If a prisoner is dissatisfied with the outcome of either of these procedures, they can appeal to the Minister of Justice. The relevant form should be asked to a prison officer to raise concerns in one of these ways.
While authorities permit prisoners and detainees to submit complaints without censorship and to request investigation of poor conditions, they are usually responded to with little detail beyond a final determination.

The last collective movement happened in 2007 at Tokushima Prison, when some prisoners rioted because of ill-treatment administered by a prison doctor.
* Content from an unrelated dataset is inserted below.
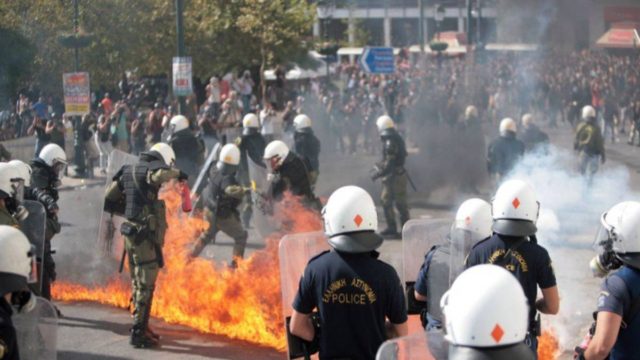Άνθρωπος της κυβέρνησης: «Χρειάζεται μαστίγιο και καρότο για να εμβολιαστούν οι πολίτες»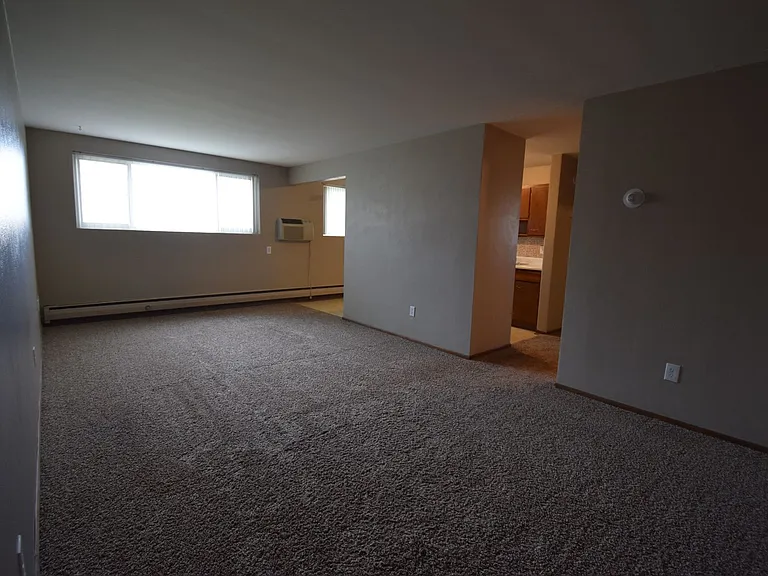 Swift Street Apartments — Photo 4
Systems of punishment and reward

Japanese prisons operate systems of punishment and reward, intended to encourage sentenced inmates towards reform and rehabilitation.
Sentenced inmates are assigned a restriction level or rank from Level 1 (least restricted, most benefits) to Level 4 (most restricted, least benefits) and the facilities and treatment of the prisoners varies accordingly. Good behavior, success at work, and length of time served may lead to an increase in rank. Privileges depend on rank and include number of visits the prisoner can receive.

Forms of punishment

Punishment takes many forms; the most common is loss of privileges, such as recreation time, access to TV and loss of more sought-after job assignments. More severe punishment involves sitting on one’s knees on the floor, facing a blank wall, for hours, or even days, though prisoners are returned to their cells at night. During this punishment, the sitting position grows painful, and the isolation is difficult. Limited toilet breaks are allowed, and only at the guards’ discretion.
Solitary confinement is also used regularly by the prison administration. The three-month maximum period can be extended at the end of each month if deemed necessary. Some prisoners condemned to death are held in solitary confinement for decades, although visits by families, lawyers, and others are allowed.

Procedures for punishment

Procedures for punishments are said to lack transparency and fairness. Complaint procedures can be hard to follow, especially for foreign inmates, and inmates with mental disability.

Although prison officers are allowed to use small arms and light weapons such as handguns, they do not usually carry weapons.